I am aware of the generally inconsistent treatment of fiduciary protection via 404(c) compliance, but I was wondering if there is any consensus as to how to draft so as to have the best shot at compliance. I have always been rather detailed in the investment direction section of the plan, even describing the then fund offerings. Lately I have been reviewing plans that are so skimpy they basically just state the intention to comply with 404(c).

What's your experience?
jpod
I believe the better practice is that neither the plan document nor the trust agreement (if there is a separate trust agreement) should take a position on the intention vis a vis 404c compliance. The disclosures pertinent to 404c should be made via a separate doc or set of docs.
K2retire
Interesting.

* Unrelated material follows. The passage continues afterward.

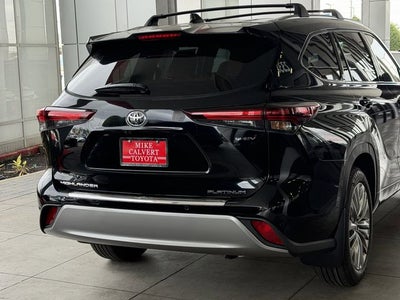 2026 Toyota Highlander Hybrid Hybrid Platinum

The Corbel prototype makes that selection part of the adoption agreement.
Sieve
The devil's in the details. Corbel's AA only indicates the intent of the Plan to meet ERISA 404(c), but whether or not there is 404(c) compliance will come down to administrative operation. I don't think the statement in the document or SPD is of much consequence, except to cause employees to think that they are ultimately responsible for their investments--which, of course, may not be the case--and therefore they ought to be very careful and subsequently diligent when making investment decisions

My experience is that very few, if any, of the plans that say they are 404(c) compliant actually are.
J Simmons
QUOTE (bobolink @ Mar 25 2009, 02:10 PM) *
I am aware of the generally inconsistent treatment of fiduciary protection via 404(c) compliance, but I was wondering if there is any consensus as to how to draft so as to have the best shot at compliance. I have always been rather detailed in the investment direction section of the plan, even describing the then fund offerings. Lately I have been reviewing plans that are so skimpy they basically just state the intention to comply with 404(c).

What's your experience?


Given that when the question would ever be litigated the operational facts will then have occurred, I would prefer to defend a document (in light of whatever operational facts may or may not be) that is vague (merely states the intent is 404c compliance) than a document that detailed out how that compliance was intended. If the operational facts are at odds with a detailed 404c document, that could give the court an extra reason to find that the plan fiduciaries are not entitled to 404c relief. And there's also the problem that a discrepancy between operational facts and a detailed document could lead to an ERISA violation by the fiduciaries failing to operate the plan as written.